#### [Exercise objective]
Please set down every line of the records below exactly, without the pictures.

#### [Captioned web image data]

═══

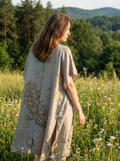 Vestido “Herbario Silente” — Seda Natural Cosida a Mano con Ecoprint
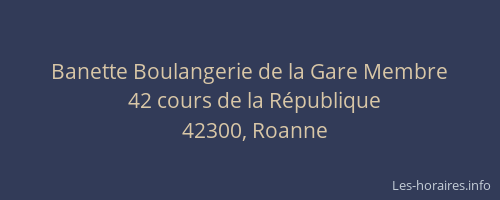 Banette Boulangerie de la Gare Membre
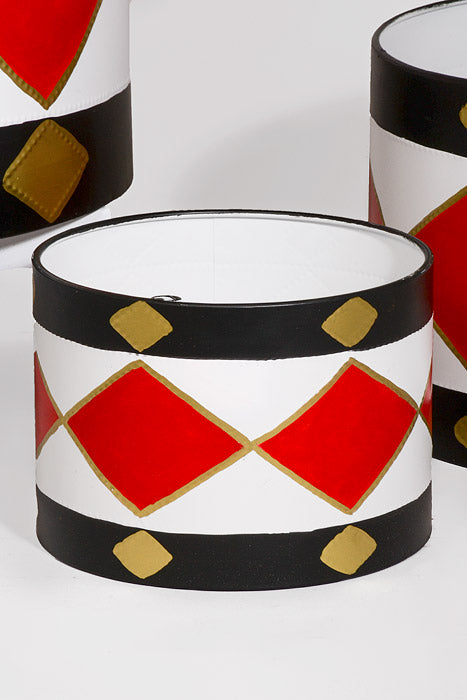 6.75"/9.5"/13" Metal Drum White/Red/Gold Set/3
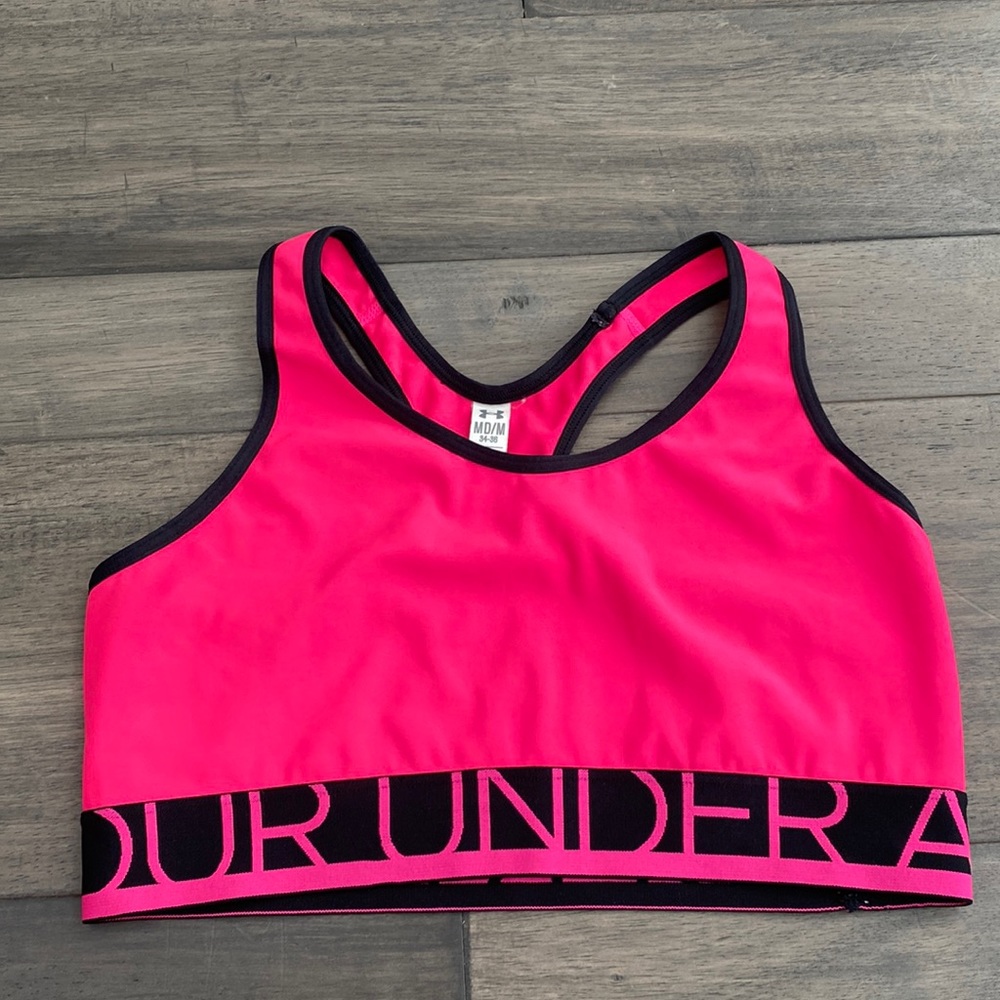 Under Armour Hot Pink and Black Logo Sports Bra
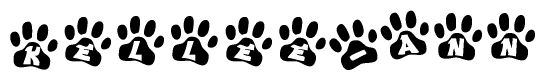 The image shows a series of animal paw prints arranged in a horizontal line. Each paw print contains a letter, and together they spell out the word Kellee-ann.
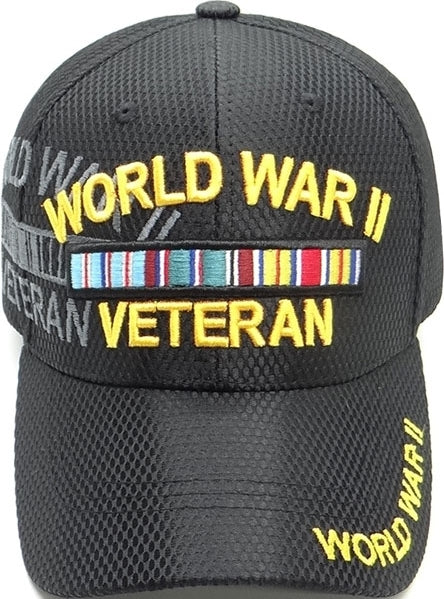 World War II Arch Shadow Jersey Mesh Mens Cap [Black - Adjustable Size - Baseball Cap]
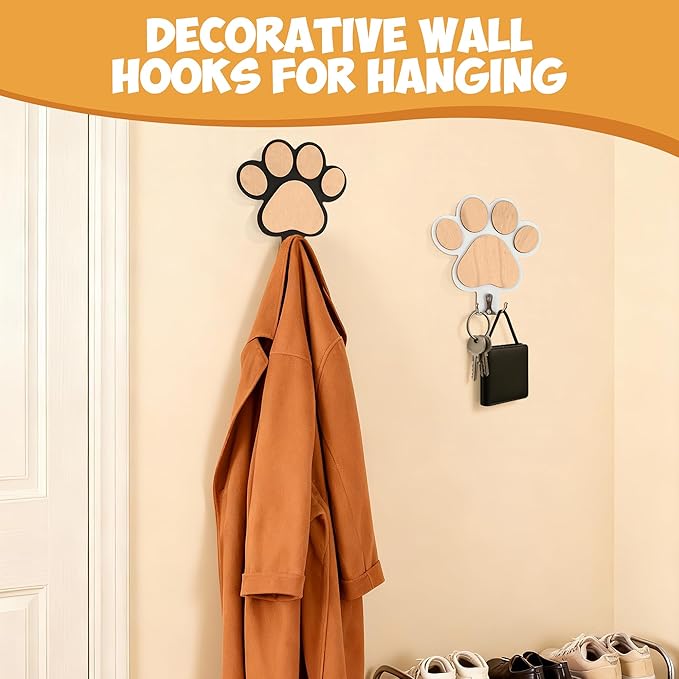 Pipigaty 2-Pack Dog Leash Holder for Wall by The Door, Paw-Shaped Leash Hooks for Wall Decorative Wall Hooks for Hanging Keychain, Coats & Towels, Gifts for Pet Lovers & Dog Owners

═══

#### [Answer to this problem]
 Vestido “Herbario Silente” — Seda Natural Cosida a Mano con Ecoprint
 Banette Boulangerie de la Gare Membre
 6.75"/9.5"/13" Metal Drum White/Red/Gold Set/3
 Under Armour Hot Pink and Black Logo Sports Bra
 The image shows a series of animal paw prints arranged in a horizontal line. Each paw print contains a letter, and together they spell out the word Kellee-ann.
 World War II Arch Shadow Jersey Mesh Mens Cap [Black - Adjustable Size - Baseball Cap]
 Pipigaty 2-Pack Dog Leash Holder for Wall by The Door, Paw-Shaped Leash Hooks for Wall Decorative Wall Hooks for Hanging Keychain, Coats & Towels, Gifts for Pet Lovers & Dog Owners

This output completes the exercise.